[Extracted records]
====================

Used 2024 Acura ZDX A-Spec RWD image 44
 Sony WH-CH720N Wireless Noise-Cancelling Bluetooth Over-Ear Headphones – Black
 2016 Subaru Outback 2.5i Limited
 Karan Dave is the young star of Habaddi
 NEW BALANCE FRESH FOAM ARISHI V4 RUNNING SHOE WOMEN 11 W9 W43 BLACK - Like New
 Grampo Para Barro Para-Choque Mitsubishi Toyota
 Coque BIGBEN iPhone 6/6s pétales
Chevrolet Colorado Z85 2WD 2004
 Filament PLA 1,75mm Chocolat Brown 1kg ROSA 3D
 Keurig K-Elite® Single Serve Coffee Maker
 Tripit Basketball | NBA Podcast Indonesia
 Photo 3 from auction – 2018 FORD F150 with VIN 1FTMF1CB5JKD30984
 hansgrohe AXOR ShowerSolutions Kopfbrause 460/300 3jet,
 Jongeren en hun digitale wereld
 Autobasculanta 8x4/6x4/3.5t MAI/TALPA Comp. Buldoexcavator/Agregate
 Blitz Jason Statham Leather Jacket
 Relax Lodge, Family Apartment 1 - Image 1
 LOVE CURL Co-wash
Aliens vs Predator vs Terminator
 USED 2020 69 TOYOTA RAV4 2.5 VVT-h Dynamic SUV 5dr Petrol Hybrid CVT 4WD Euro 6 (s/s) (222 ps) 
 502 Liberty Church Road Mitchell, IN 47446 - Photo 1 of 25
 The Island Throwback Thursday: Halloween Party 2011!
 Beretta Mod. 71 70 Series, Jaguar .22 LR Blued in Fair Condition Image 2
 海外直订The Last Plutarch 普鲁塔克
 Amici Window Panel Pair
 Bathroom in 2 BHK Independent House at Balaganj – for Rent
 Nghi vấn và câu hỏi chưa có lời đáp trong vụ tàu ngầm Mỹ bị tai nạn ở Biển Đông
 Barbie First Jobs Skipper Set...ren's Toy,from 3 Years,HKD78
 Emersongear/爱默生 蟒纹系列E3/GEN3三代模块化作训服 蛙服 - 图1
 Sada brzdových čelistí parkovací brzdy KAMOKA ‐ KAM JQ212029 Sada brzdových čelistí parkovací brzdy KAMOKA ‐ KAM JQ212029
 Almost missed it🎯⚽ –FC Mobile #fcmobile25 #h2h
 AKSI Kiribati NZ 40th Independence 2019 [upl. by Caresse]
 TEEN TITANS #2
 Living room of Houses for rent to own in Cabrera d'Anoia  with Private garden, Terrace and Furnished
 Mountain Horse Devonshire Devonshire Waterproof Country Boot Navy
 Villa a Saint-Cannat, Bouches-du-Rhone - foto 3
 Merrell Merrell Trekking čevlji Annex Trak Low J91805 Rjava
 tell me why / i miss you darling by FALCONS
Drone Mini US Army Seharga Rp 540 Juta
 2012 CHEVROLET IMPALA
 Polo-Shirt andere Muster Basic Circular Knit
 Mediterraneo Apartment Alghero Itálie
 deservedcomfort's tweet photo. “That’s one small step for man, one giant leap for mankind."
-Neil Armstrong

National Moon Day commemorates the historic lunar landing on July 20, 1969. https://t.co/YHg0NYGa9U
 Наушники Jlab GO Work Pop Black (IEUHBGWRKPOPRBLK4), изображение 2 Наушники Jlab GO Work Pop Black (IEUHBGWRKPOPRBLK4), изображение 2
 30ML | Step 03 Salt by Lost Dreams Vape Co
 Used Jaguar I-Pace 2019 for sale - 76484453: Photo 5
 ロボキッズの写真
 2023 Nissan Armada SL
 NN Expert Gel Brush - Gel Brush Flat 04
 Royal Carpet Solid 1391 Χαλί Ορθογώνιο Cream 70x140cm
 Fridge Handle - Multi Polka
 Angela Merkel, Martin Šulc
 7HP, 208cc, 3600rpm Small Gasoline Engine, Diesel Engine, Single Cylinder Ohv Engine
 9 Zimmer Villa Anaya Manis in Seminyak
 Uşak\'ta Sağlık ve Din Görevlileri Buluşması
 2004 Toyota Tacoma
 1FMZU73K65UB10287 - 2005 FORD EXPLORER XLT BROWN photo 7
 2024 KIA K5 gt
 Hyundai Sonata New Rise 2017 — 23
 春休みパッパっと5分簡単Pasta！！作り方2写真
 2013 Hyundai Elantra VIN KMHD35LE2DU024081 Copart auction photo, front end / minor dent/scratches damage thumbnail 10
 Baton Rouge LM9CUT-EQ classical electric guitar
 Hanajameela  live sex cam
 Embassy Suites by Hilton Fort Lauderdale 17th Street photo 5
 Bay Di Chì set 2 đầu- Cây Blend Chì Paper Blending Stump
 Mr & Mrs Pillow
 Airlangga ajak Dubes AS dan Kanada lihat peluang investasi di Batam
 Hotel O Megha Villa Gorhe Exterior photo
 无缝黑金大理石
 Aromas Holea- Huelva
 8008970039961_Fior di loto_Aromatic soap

====================

For each line above that contains "auction", make a copy.

 Photo 3 from auction – 2018 FORD F150 with VIN 1FTMF1CB5JKD30984
 2013 Hyundai Elantra VIN KMHD35LE2DU024081 Copart auction photo, front end / minor dent/scratches damage thumbnail 10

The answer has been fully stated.